This is my beard goal! It's one of many reasons I look forward to retirement! My employer is fairly lenient with my beard now - it's several inches - but I do keep it trimmed so as not to get too out of control. The above pic was at my absolute longest. I can't wait to see what I could grow without holding back! Beard on brothers!


----------



## JoannaV (Jan 30, 2015)

So, should I buy my husband some jojoba oil? He has used coconut oil but does not feel that is sufficient, he wants to try a beard oil. Would jojoba oil be noticeably better?


----------



## Andres (Jan 30, 2015)

JoannaV said:


> So, should I buy my husband some jojoba oil? He has used coconut oil but does not feel that is sufficient, he wants to try a beard oil. Would jojoba oil be noticeably better?
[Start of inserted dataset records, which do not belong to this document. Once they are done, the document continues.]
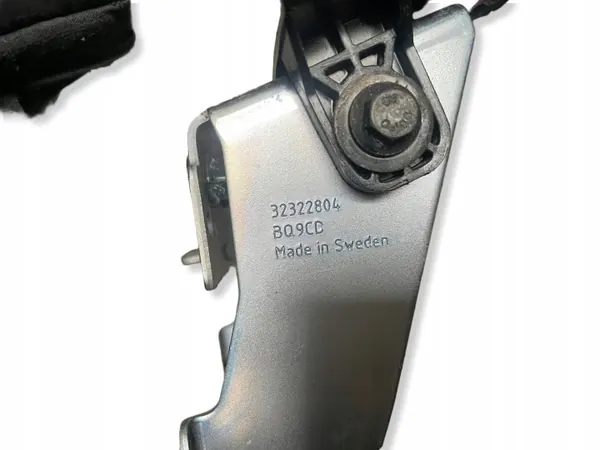Peça de carroçaria Volvo OE usado OEM 32322807 image 3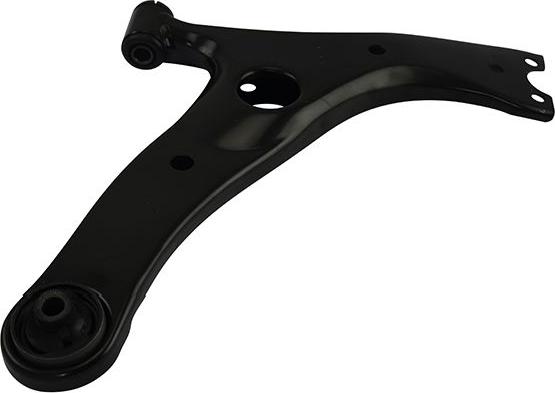 Kavo Parts SCA-9144 - Рычаг подвески колеса avtokuzovplus.com.ua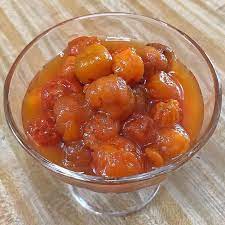 Pin On Recetas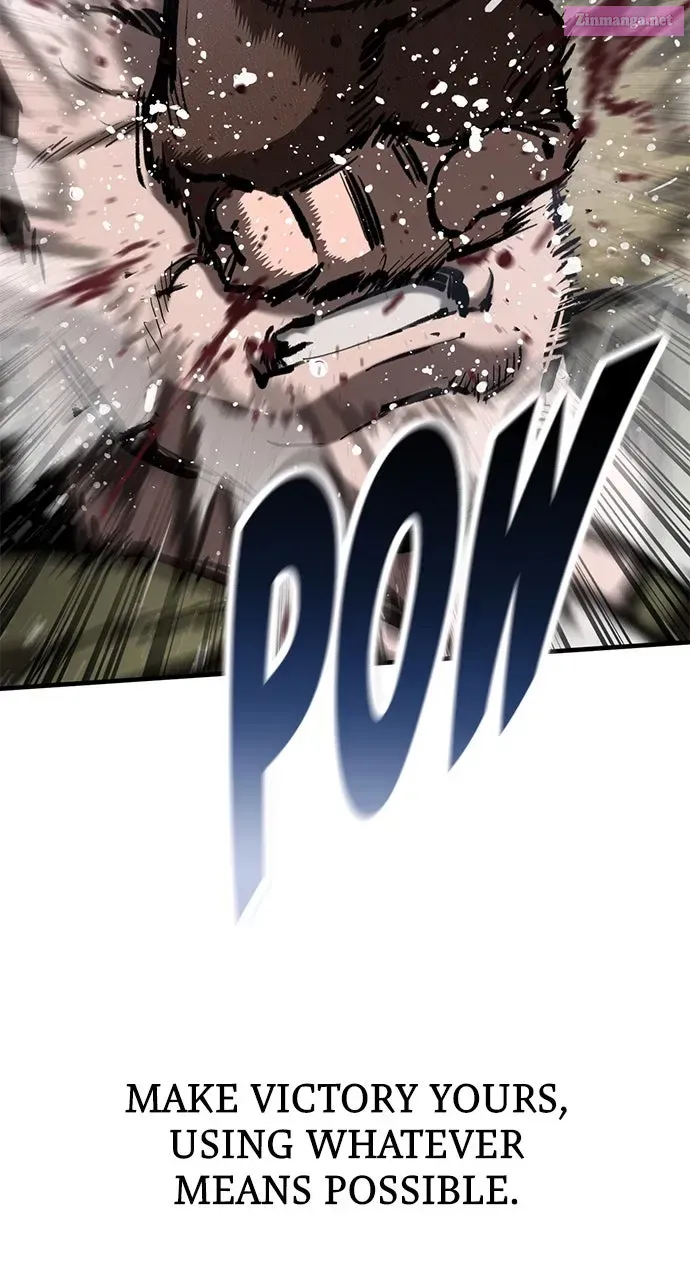 Read The Knight Only Lives Today Manga Online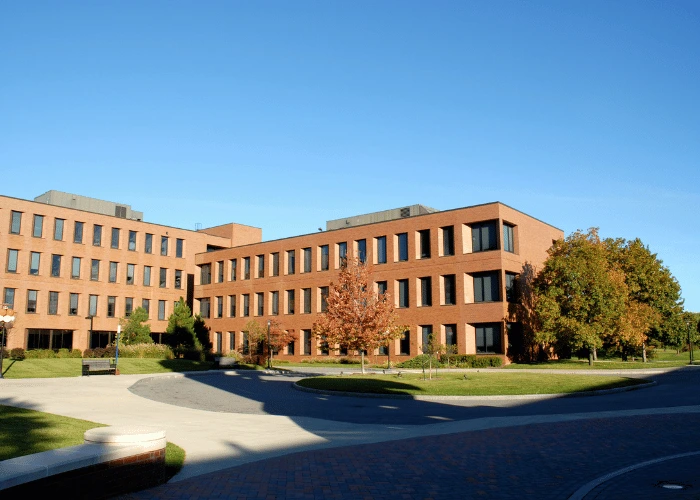 Premium plots and villas for sale in Coimbatore – PRVM Classic City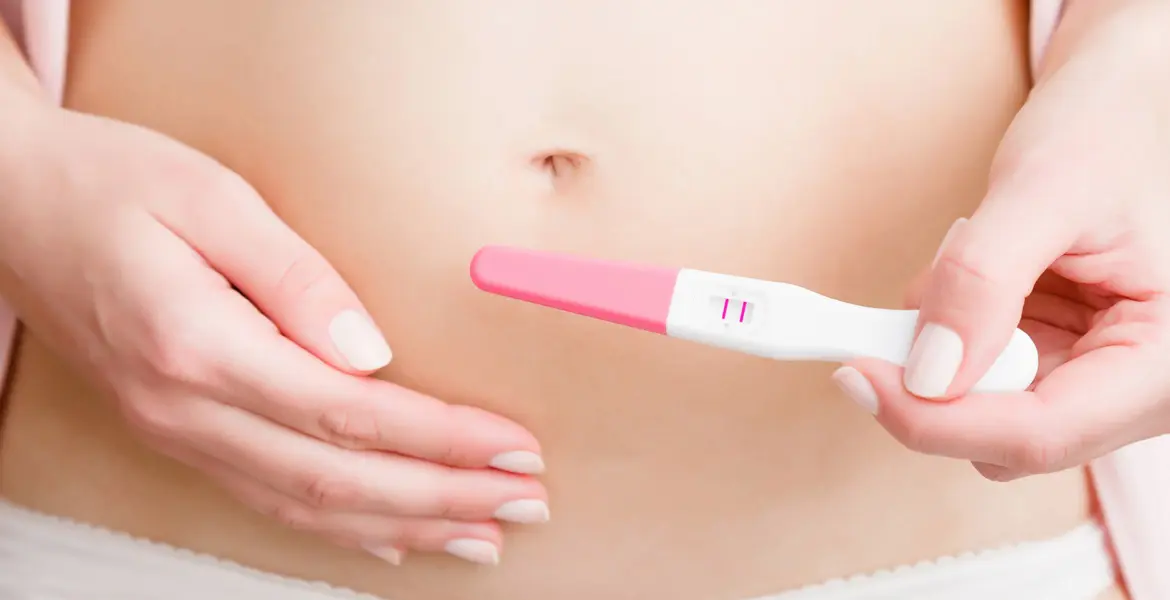 sangrado-por-implantacion-y-metrorragias_banner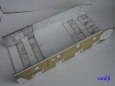 Pzkpfw IV Ausf.H
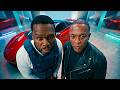 50 Cent Dr Dre Cruisin Ft Mack 10 Cypress Hill 2026 
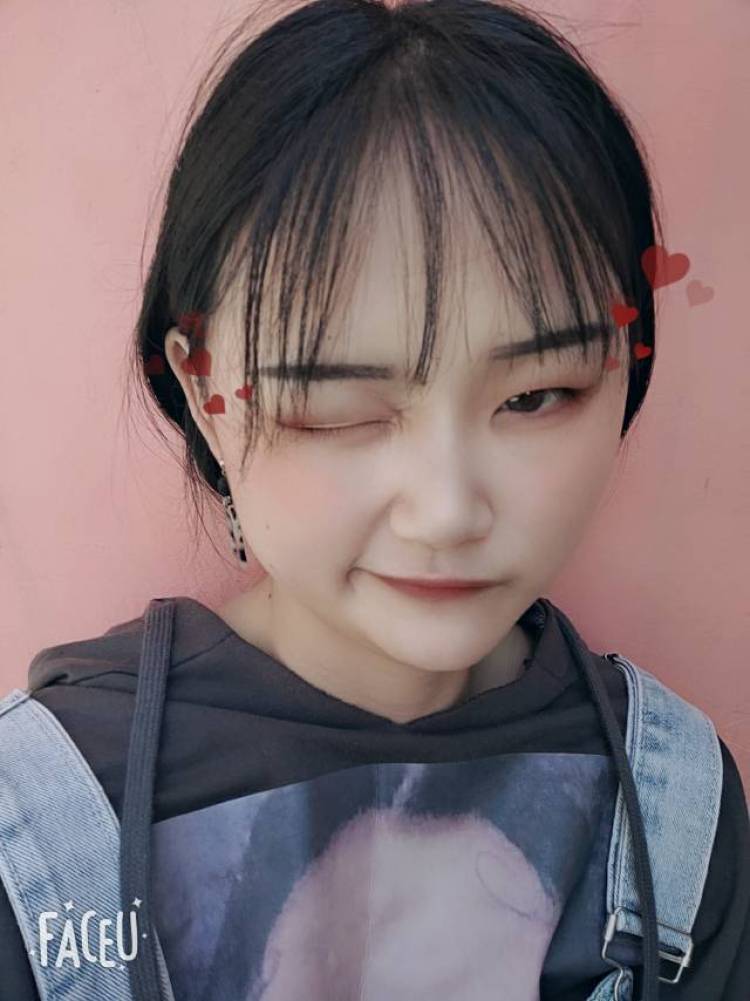 05.23-河南省·周口市·西华县--网拍  短视频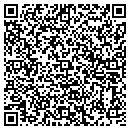 QR code with US Net contacts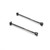 Team Losi Racing TLR-1105 CVA Driveshaft Bones X66mm 22X 2Pcs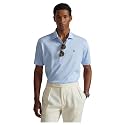 POLO RALPH LAUREN Men's Keaton Sneaker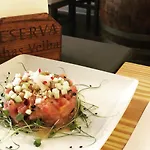 G&b - And Wines * 리스본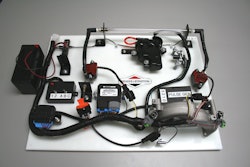 IMG 0304 1 564e4ddc55309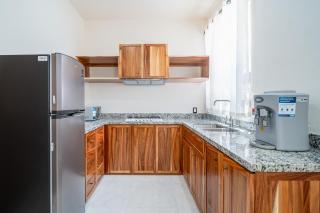 Ambar Departamentos LT10 - 2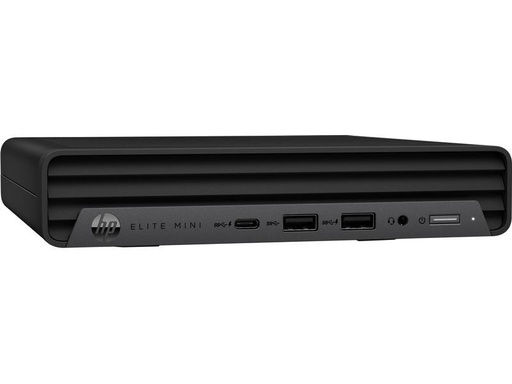 [1723443] HP PC Elite DM 800 G9 622W7ET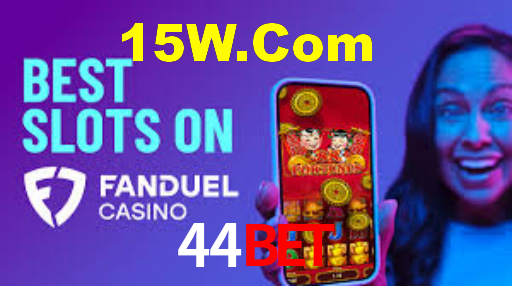 44Bet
Yes, jojoba is the best oil for beards. Grapeseed and hemp oil are also options, but again jojoba is the best all around. It doesn't have a scent either and it just moisturizes the best. If you buy one of the marketed bear oils, its just a combination of the oils I mentioned with maybe a little scent thrown in.


----------



## Kevin (Jan 31, 2015)

Andrew, you look like you could begin your own Caribbean Revolution with that beard!


----------



## Backwoods Presbyterian (Jan 31, 2015)

When I worked at FedEx my beard was much longer (not quite as long as Andrew's) than it is now (probably 1" in length at present) and one of my favorite things about it was having the condensation freeze on it while flying around on my forklift in the winter. There is nothing quite as cool as having a literal icicle grow on your face.


----------